### TASK TO COMPLETE
Copy out exactly the lines from the one containing "n. 86 - A&BC" to the last line of the records below, both included, and leave out any pictures.

Pictures with short captions:
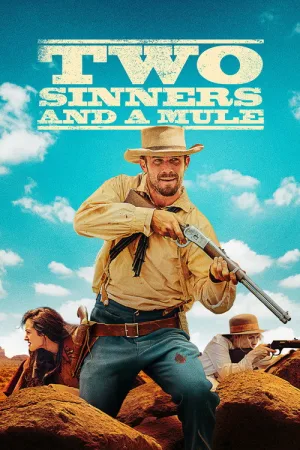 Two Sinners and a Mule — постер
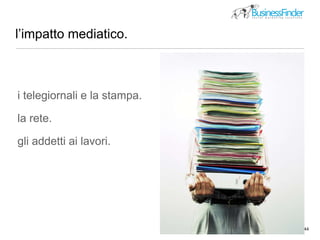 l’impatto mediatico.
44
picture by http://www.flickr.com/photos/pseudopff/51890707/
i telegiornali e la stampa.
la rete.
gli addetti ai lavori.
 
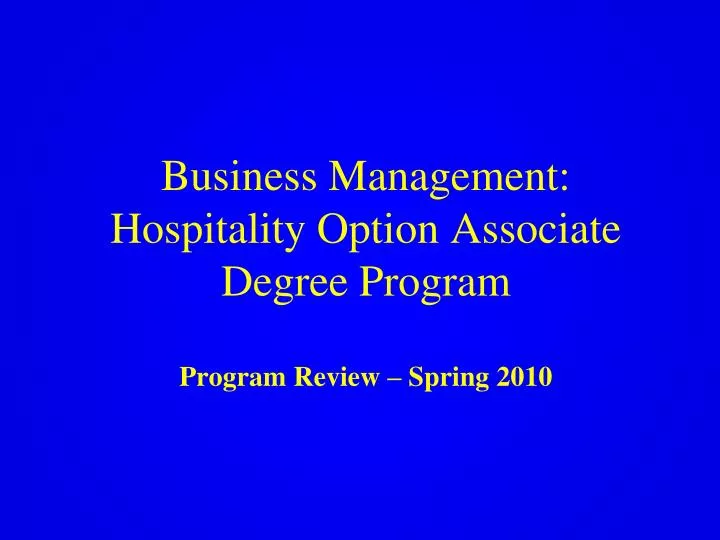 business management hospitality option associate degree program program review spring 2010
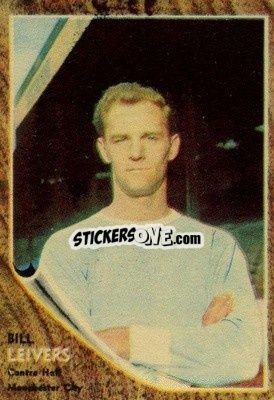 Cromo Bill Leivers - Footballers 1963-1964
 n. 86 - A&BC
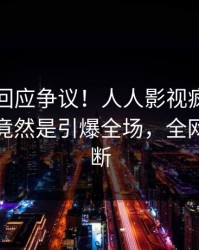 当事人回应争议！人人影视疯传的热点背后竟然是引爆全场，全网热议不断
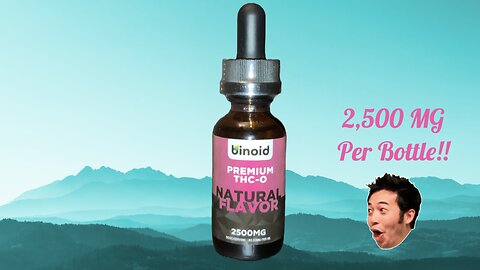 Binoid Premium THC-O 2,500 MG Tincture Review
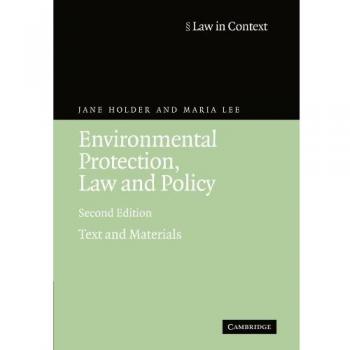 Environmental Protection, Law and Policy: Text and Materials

### OUTPUT OF THE EXERCISE
 n. 86 - A&BC
 当事人回应争议！人人影视疯传的热点背后竟然是引爆全场，全网热议不断
 Binoid Premium THC-O 2,500 MG Tincture Review
 Environmental Protection, Law and Policy: Text and Materials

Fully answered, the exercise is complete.